Review by Alan Taylor

When Hugh MacDiarmid died in 1978 it was left to his best friend and sparring partner, Norman MacCaig, to find the right words to describe him. It was as if MacDiarmid was “a torchlight procession of one,” said MacCaig, “lighting up the streets of my mind and some of the nasty little things that were burrowing into the corners.” It is hard to think of two men, and two poets, who were less alike than these modern makars. Physically, politically, characteristically and, most importantly, poetically, they differed in almost every respect. While MacDiarmid famously saw his job as never to lay a tit’s egg, but “to erupt like a volcano, emitting not only flame but a lot of rubbish”, MacCaig, his exact contemporary, strove to produce one perfect, exquisite egg after another.

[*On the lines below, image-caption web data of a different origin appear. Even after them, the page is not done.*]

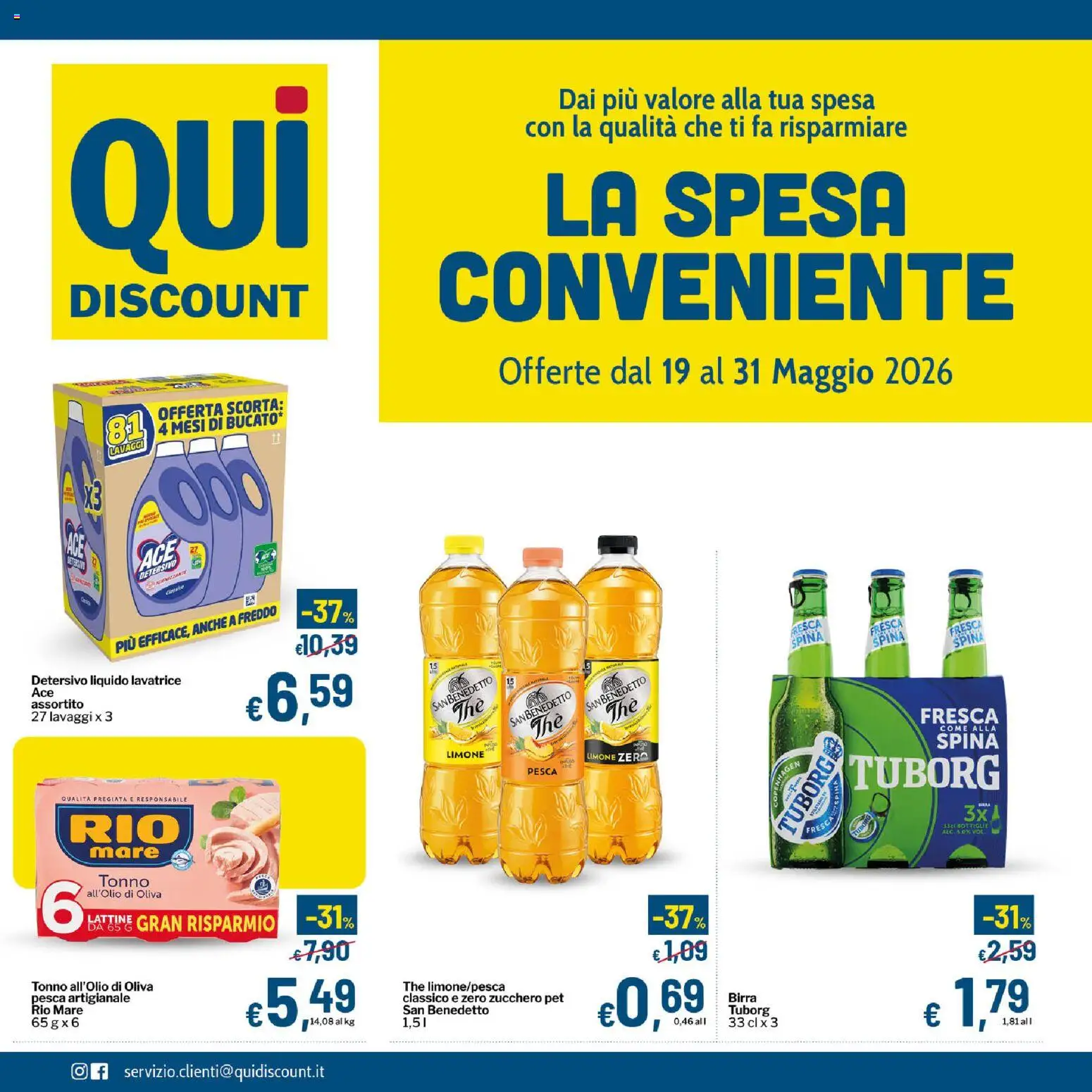 Volantino Qui Discount del 19.05.2026 | Pagina: 1 | Prodotti: Zucchero, Lavatrice, The, Tonno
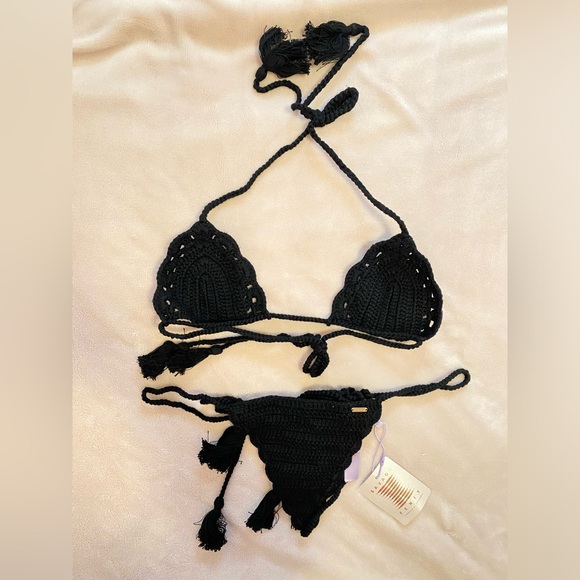 Savage X Fenty Black Crochet Bikini Style Top And Thong Set - Picture 5 of 6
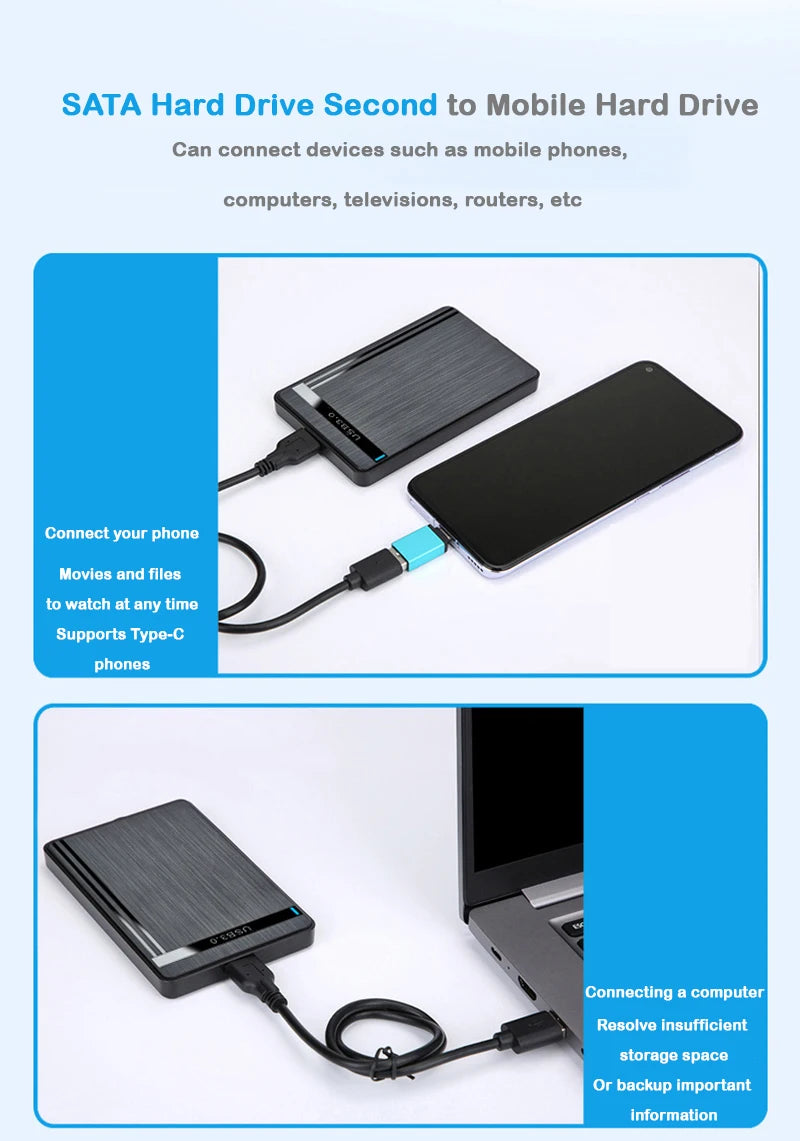 UTHAI 2.5-inch SSD Solid State Mechanical Serial Port SATA Toolless Micro Interface USB 3.1 External Mobile Hard Disk Case
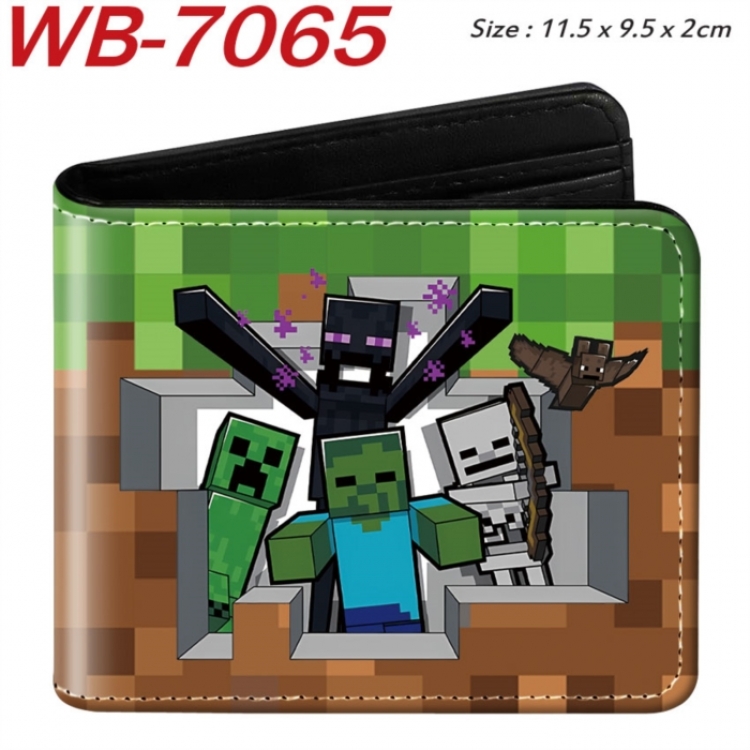 Minecraft Animation color PU leather half fold wallet 11.5X9X2CM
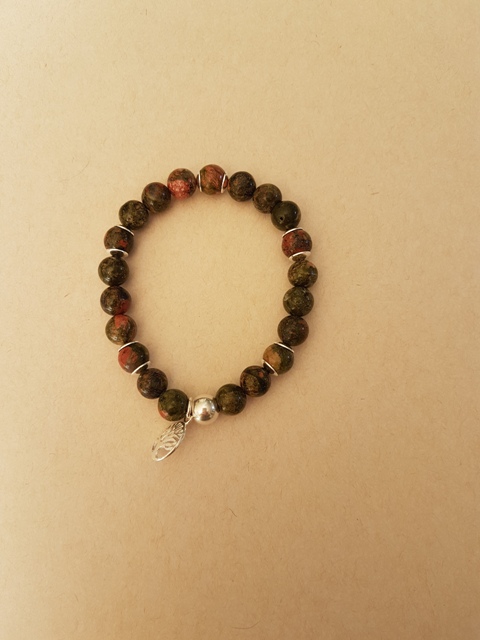 Bracelet unakite 8mm arbre vie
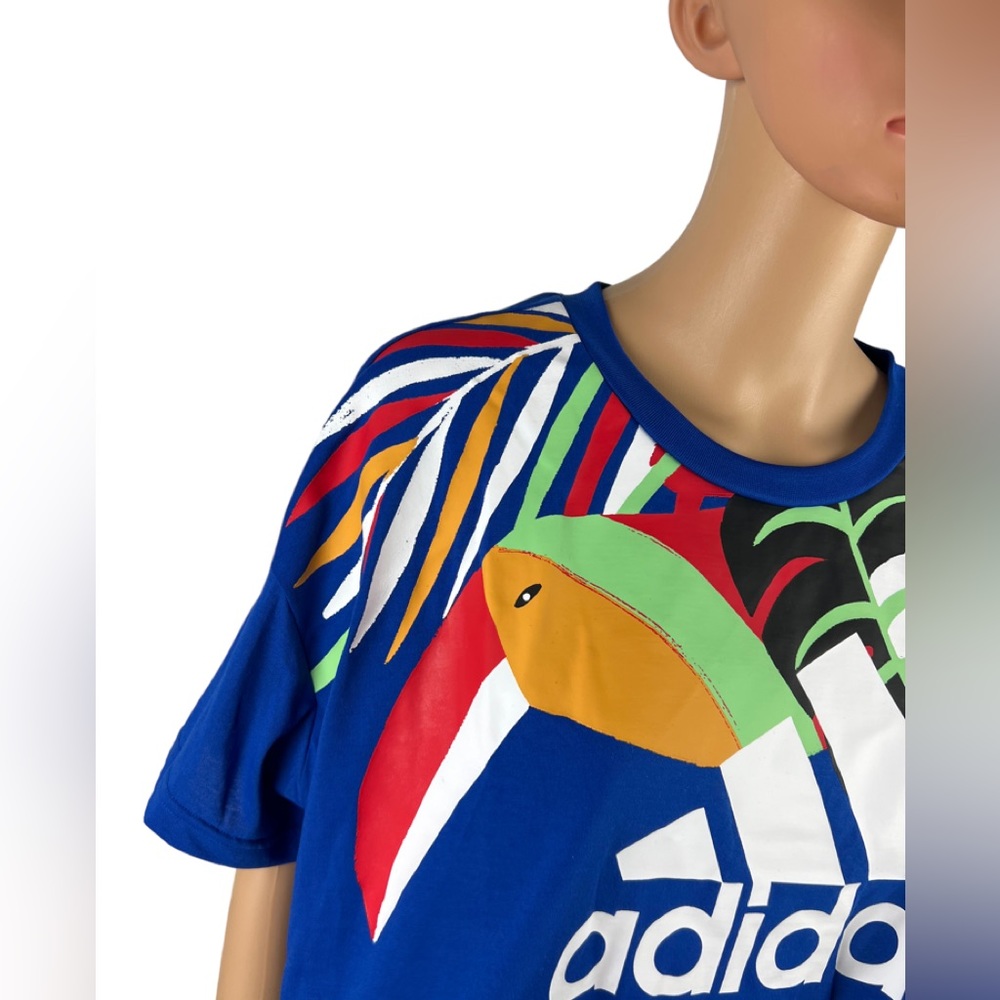 Adidas x Farm Rio Shirt Women Large Blue Tropical Short Sleeve Crop Pullover NWT - Picture 3 of 13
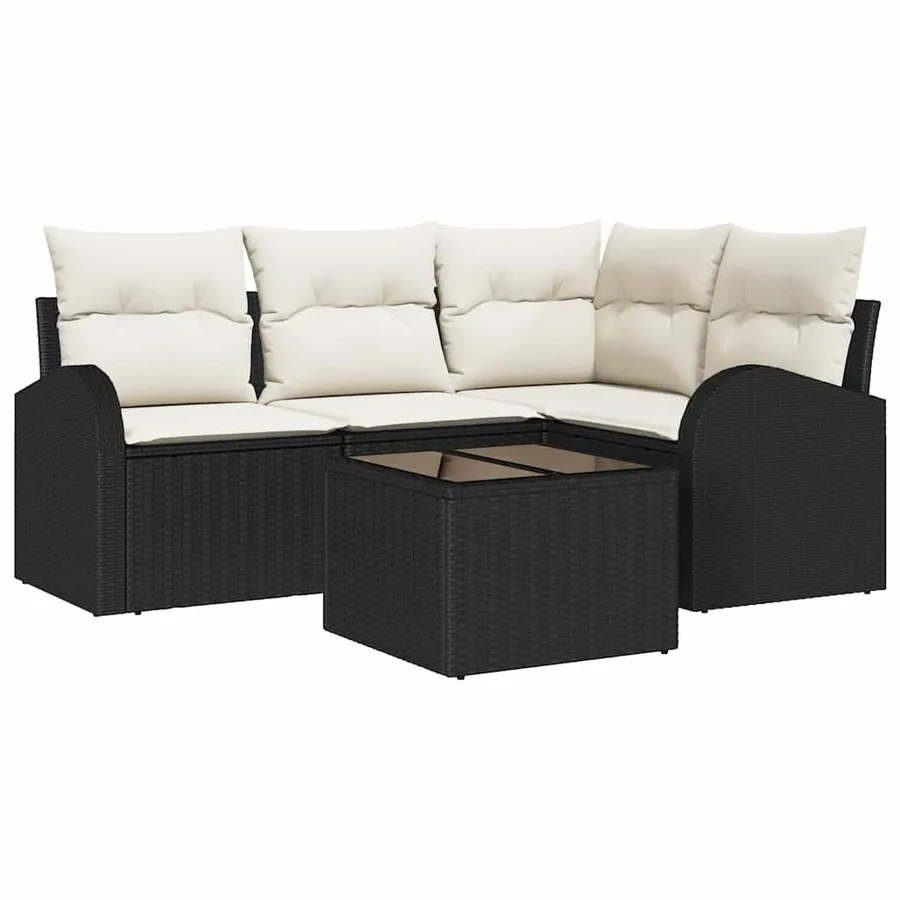 Ensemble de canapé de jardin 5 pcs Noir et Blanc polyrotin - 2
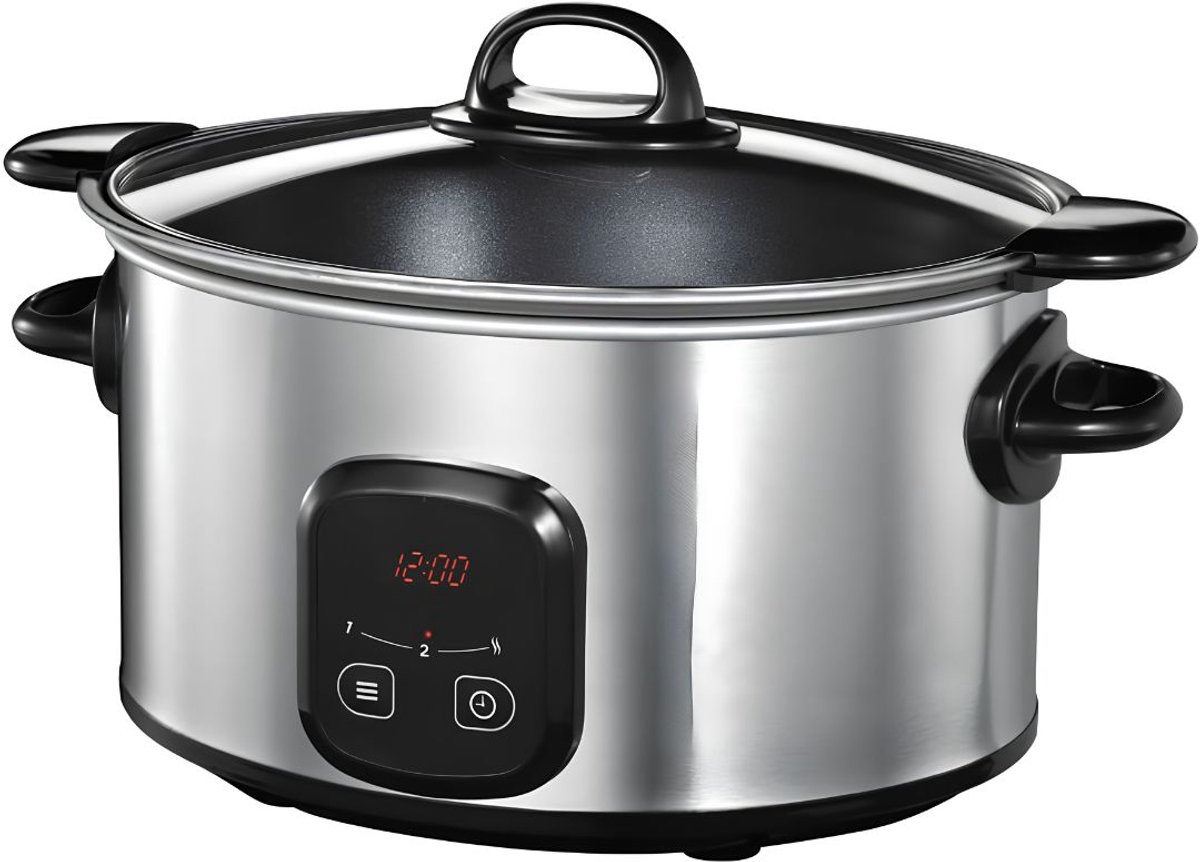 SP® Slowcooker - Elektrische Stoompan - UltraCompact - Zwart/Zilver - 26cm x 35cm x 36cm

This latest collection of MacCaig’s work concentrates on poems written about his beloved Assynt to where, freed from his duties as an Edinburgh primary school teacher, he would decamp annually with his family for an extended holiday. In an informative foreword to Between Mountain and Sea his son Ewen recalls how they went first to Assynt in 1947. Getting to know the place and its people, he notes, took time. “The landscapes were not explored by my father as a Wordsworthian rambler. He was an enthusiastic and bloodthirsty fisherman and, although he loved walking through the Assynt landscape, it was the fishing that got him out of his chair.”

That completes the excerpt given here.